[DATA PROVIDED]

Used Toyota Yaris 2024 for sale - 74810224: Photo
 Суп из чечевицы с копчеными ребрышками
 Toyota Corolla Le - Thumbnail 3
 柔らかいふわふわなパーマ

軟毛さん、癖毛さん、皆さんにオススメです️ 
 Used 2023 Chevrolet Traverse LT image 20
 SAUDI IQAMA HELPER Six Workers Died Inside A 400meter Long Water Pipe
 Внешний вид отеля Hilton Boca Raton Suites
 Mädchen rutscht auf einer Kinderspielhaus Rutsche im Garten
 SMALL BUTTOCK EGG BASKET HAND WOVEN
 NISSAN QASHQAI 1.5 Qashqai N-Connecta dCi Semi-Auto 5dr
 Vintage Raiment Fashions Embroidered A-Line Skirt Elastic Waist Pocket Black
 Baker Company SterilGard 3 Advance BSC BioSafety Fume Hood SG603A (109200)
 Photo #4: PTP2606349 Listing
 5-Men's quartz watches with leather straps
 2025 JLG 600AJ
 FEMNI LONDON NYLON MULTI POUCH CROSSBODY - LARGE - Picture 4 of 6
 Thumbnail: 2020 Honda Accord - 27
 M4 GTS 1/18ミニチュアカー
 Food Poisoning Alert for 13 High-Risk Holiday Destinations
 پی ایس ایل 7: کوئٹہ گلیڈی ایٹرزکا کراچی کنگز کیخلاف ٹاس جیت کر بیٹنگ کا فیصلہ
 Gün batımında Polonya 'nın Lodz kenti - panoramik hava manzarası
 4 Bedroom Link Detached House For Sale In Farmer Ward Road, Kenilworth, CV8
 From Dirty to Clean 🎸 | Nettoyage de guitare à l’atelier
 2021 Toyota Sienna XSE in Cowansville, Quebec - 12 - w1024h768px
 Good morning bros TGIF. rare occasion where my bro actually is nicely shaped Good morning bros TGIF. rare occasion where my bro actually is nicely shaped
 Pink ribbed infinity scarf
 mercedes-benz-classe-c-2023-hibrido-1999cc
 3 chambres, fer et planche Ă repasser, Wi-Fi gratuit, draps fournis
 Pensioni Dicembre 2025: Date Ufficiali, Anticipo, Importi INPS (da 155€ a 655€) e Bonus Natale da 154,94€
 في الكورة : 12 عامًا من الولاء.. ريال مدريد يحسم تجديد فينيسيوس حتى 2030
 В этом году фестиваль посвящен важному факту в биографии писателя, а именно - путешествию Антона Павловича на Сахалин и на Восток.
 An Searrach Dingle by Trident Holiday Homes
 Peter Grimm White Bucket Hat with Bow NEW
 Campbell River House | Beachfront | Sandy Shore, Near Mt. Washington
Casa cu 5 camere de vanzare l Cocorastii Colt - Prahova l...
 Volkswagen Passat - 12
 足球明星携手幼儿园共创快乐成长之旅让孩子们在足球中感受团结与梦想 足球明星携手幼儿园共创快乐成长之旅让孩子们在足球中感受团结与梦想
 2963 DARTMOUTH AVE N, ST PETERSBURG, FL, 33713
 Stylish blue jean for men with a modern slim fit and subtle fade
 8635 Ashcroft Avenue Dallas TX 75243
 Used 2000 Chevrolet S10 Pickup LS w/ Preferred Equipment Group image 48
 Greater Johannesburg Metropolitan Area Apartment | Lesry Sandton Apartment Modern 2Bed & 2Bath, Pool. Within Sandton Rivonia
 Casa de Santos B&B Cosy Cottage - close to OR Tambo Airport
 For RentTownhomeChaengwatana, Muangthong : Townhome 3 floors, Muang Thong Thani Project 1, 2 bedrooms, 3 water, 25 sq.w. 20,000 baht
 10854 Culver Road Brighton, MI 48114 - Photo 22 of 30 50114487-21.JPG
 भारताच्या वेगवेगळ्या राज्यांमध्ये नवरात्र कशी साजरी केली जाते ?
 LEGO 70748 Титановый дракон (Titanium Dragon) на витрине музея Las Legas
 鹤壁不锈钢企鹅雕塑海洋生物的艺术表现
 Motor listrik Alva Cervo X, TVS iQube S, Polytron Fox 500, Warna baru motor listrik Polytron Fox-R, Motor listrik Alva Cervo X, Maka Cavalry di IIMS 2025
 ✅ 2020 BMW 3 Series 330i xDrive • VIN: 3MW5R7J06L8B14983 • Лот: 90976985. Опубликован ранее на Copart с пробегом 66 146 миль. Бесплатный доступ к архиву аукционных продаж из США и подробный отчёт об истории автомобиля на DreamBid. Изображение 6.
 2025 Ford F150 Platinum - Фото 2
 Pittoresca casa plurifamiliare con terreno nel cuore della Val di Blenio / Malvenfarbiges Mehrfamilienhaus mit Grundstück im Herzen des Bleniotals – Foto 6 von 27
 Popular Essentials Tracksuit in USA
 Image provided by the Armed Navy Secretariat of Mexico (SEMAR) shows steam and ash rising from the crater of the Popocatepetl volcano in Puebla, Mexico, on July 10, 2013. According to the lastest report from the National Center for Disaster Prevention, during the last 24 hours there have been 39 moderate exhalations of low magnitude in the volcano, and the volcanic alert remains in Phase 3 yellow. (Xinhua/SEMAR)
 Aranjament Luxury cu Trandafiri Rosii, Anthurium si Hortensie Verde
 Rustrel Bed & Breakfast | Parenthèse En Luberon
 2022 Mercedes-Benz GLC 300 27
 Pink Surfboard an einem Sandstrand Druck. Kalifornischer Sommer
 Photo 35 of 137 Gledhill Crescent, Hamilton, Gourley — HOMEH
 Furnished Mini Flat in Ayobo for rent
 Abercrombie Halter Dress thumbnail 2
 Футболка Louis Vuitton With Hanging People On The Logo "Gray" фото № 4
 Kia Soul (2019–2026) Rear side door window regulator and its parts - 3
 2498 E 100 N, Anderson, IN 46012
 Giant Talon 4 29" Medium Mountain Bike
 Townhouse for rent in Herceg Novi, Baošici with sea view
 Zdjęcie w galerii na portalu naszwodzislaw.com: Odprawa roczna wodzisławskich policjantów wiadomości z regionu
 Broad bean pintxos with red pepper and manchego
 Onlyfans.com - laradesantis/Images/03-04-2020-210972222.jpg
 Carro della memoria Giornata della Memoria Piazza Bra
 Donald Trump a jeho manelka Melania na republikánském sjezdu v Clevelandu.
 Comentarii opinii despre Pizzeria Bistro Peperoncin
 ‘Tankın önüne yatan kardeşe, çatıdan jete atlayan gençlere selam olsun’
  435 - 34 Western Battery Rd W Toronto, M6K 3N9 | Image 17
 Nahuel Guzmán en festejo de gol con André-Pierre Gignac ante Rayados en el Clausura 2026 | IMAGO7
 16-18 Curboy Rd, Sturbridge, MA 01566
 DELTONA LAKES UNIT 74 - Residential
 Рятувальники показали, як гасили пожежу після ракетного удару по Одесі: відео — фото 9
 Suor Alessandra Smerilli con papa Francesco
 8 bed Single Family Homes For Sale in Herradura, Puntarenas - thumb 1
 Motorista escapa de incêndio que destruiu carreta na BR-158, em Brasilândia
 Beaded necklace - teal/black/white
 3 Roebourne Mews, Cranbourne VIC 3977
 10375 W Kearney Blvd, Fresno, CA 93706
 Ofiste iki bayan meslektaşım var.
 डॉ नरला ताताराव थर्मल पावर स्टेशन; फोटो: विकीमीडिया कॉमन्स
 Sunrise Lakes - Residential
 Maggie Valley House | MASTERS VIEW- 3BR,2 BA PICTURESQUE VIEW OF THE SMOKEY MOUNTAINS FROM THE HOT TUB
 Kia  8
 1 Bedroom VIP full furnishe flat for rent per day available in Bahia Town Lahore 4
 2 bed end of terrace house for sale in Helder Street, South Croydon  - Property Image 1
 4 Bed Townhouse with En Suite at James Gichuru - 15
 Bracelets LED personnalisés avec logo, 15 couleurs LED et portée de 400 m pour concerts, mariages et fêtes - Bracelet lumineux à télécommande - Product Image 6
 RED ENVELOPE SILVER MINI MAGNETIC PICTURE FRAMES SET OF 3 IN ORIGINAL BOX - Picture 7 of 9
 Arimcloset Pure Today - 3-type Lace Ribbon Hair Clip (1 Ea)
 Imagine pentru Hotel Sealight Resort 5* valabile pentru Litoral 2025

[/DATA PROVIDED]

## EXERCISE AIM
In the listing above, find the line containing "في الكورة : 12" and the line containing "2025 Ford F150 Platinum - Фото 2". Output them and every line between, exactly, and nothing else.

## EXERCISE RESULT
 في الكورة : 12 عامًا من الولاء.. ريال مدريد يحسم تجديد فينيسيوس حتى 2030
 В этом году фестиваль посвящен важному факту в биографии писателя, а именно - путешествию Антона Павловича на Сахалин и на Восток.
 An Searrach Dingle by Trident Holiday Homes
 Peter Grimm White Bucket Hat with Bow NEW
 Campbell River House | Beachfront | Sandy Shore, Near Mt. Washington
Casa cu 5 camere de vanzare l Cocorastii Colt - Prahova l...
 Volkswagen Passat - 12
 足球明星携手幼儿园共创快乐成长之旅让孩子们在足球中感受团结与梦想 足球明星携手幼儿园共创快乐成长之旅让孩子们在足球中感受团结与梦想
 2963 DARTMOUTH AVE N, ST PETERSBURG, FL, 33713
 Stylish blue jean for men with a modern slim fit and subtle fade
 8635 Ashcroft Avenue Dallas TX 75243
 Used 2000 Chevrolet S10 Pickup LS w/ Preferred Equipment Group image 48
 Greater Johannesburg Metropolitan Area Apartment | Lesry Sandton Apartment Modern 2Bed & 2Bath, Pool. Within Sandton Rivonia
 Casa de Santos B&B Cosy Cottage - close to OR Tambo Airport
 For RentTownhomeChaengwatana, Muangthong : Townhome 3 floors, Muang Thong Thani Project 1, 2 bedrooms, 3 water, 25 sq.w. 20,000 baht
 10854 Culver Road Brighton, MI 48114 - Photo 22 of 30 50114487-21.JPG
 भारताच्या वेगवेगळ्या राज्यांमध्ये नवरात्र कशी साजरी केली जाते ?
 LEGO 70748 Титановый дракон (Titanium Dragon) на витрине музея Las Legas
 鹤壁不锈钢企鹅雕塑海洋生物的艺术表现
 Motor listrik Alva Cervo X, TVS iQube S, Polytron Fox 500, Warna baru motor listrik Polytron Fox-R, Motor listrik Alva Cervo X, Maka Cavalry di IIMS 2025
 ✅ 2020 BMW 3 Series 330i xDrive • VIN: 3MW5R7J06L8B14983 • Лот: 90976985. Опубликован ранее на Copart с пробегом 66 146 миль. Бесплатный доступ к архиву аукционных продаж из США и подробный отчёт об истории автомобиля на DreamBid. Изображение 6.
 2025 Ford F150 Platinum - Фото 2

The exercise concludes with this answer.